1. I spoke to a neighbor (old man) who says "there's alot of drugs around here - shooting every night.

Then I called a Broker who services the area who says:
2. "I would stay away from that area"

THEN I called the distric precinct who tells me:
3. "there's a lot of police activity in that district"

Now I'm looking to FLIP the place, it's an awesome price and a good 80% market value - it needs about $7k of work... I understand that many "Flips" are in distressed neighborhoods but is this normal??? Should I shy away from this?? MOST of the places I saw that were GOOD potential money makers were in not so nice areas... is this what I should be expecting and just go ahead, buy and give it a good price (10% below market)? Do properties actually sell in these "bad" areas?? I HAVE the Moolah! I just need to find out if I should spend it!!

Comments(8)

  • hibby7613th November, 2003

    Price + repairs should equal about 70% of FMV (of sold comps).

    with only a 10% margin, you'll be lucky to get out of it....let alone with a profit.

    You've overlooked:
    Closing costs (on both ends)
    holding costs
    commissions

    those add up very quickly.

    What's your exit strategy? How are you planning on selling it. Why would someone buy your house instead of the one next door for sale?

    generally people who flip, sell the properties at 90-95% of FMV so they can minimize the holding costs and move them quickly.

    Not to be a doomsdayer, but sounds marginal, to say the least.

  • dtaylor13th November, 2003

    Oh crap, I screwed up.. I said 80% market value I meant below (price could be about 12-13k, market value for the area is about 40k)... my fingers were moving slower than my brain! it can be fixed up etc and at the end of it I would put maybe a total of 19-20 grand into it... I would ask about 35-37k for it.... but it's still in that neighborhood!

    sorry for the confusion

  • jamespb13th November, 2003

    hibby76 sounds right to me. $13k + $20k rehab costs = $33k. If you think you're selling for $35 at the low end, seems like a deal to walk away from.

  • kmaples13th November, 2003

    My only advice I can give without seeing the property and the area is: If it looks like a dog, smells like a dog, then you probably have a dog.

    take the advice from those around you and combine that advice to make your decision.

    just my .02

  • dtaylor13th November, 2003

    OK - I just can't seem to communicate today so I will cease.. the 20k I mentioned was the total (buying + fixing up) and the low end sale price would be 35k making it a potential 15k profit... I was interested in if anyone had ever filpped in a crappy neighborhood... that's all... but I will discontinue this post as I can't seem to get my point across (too much coffee I guess)

    Thanks anyways!

  • hibby7613th November, 2003

    $.20 cents on the dollar is a TOTALLY different story.
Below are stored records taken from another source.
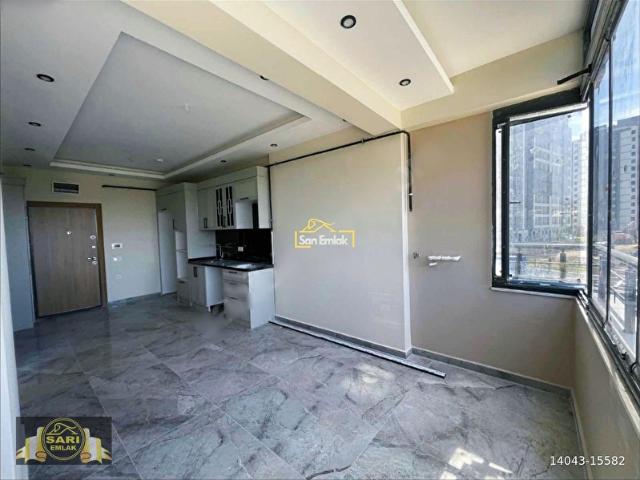 AKDENİZ MAHALLESİ HAVUZLU SİTE İÇİ AÇIK CEPHELİ 1+1 SATILIK DAİRE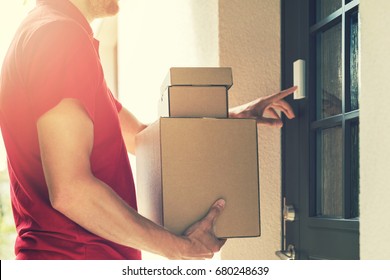 delivery service courier ringing the house doorbell with boxes in hands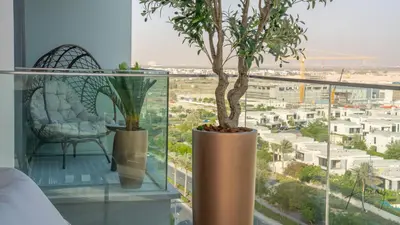 a room with a tree and a chair and a window at GroveLuxurious 1BR BEST communityArt & Design in Dubai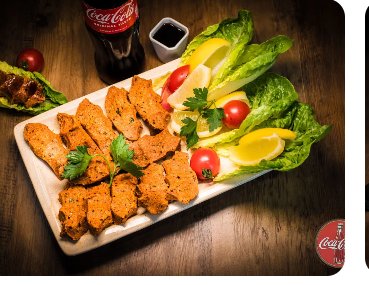 Holzbrett mit Çiğköfte-Rollen, Salatherzen, Tomaten und Zitronenspalten.
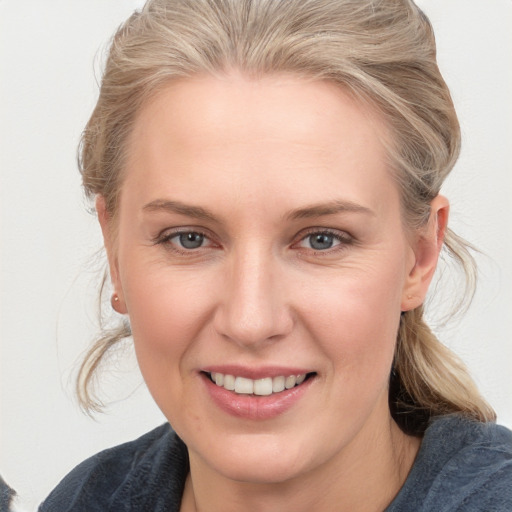 Joyful white young-adult female with medium  brown hair and blue eyes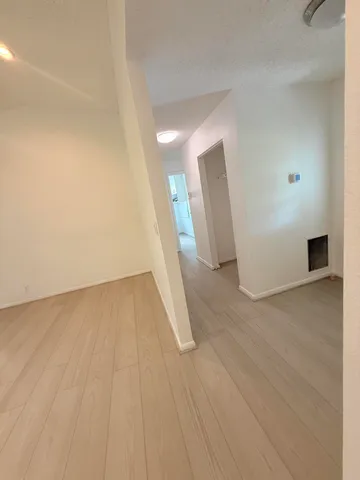 a view of a room with wooden floor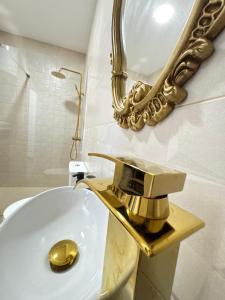 a bathroom with a sink with a gold faucet at Entrecallejones in Carmona +34 photos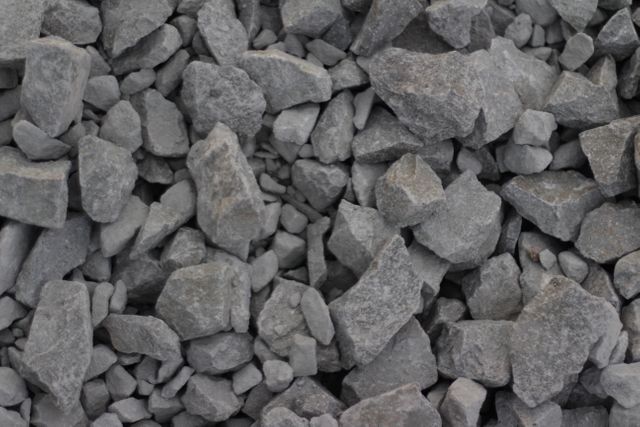 Closeup of small gray gravel stones, often used in construction as a building material or landscaping element. This detailed view captures the texture and variation of sizes among the gravel. Useful in backgrounds, construction project illustrations, or landscaping materials documentation.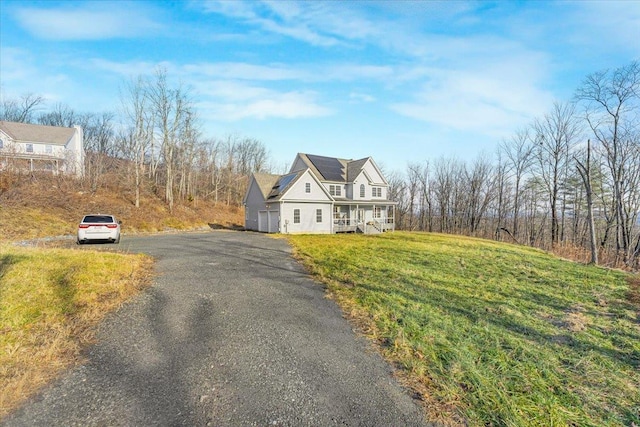 cape cod house with solar panels and a front lawn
    How did you estimate the rehab costs? Most people severly over or under exagerate how much it costs to rehab it. I'd make sure you're under 70% after all is said and done. Over that and it's not worth it.

    My only other concern would be to look at the direction of the neighborhood. Right now people live there. If every other house has a for sale or for rent sign on it, and people are up and leaving, then I'd stay away from it.

    If people are staying in that area, and vacancy rate is reasonable (10% or better) and people are buying homes then it sounds like a great little project to make a dime off of. [ Edited by hibby76 on Date 11/13/2003 ]

  • classimg13th November, 2003

    Here is our suggestion, neighborhoods change, and with an increase in police presence, could the property values go UP? Sometimes cash flow is the name of the game. Could you perform a 2 year undeclared lease option on the property with the approach that someone will accept a portion of the rehab in exchange for a small future down payment? If all the moons in the sky aline properly you have created a money machine. Down payment, monthly rental, long term tenant, and the neighborhood could appreciate. Structure the lease option where the future price of the home will be reviewed WHEN the option is executed. If your tenant leaves after 2 years, you have accumulated funds along the way the rehab is complete and you are building equity.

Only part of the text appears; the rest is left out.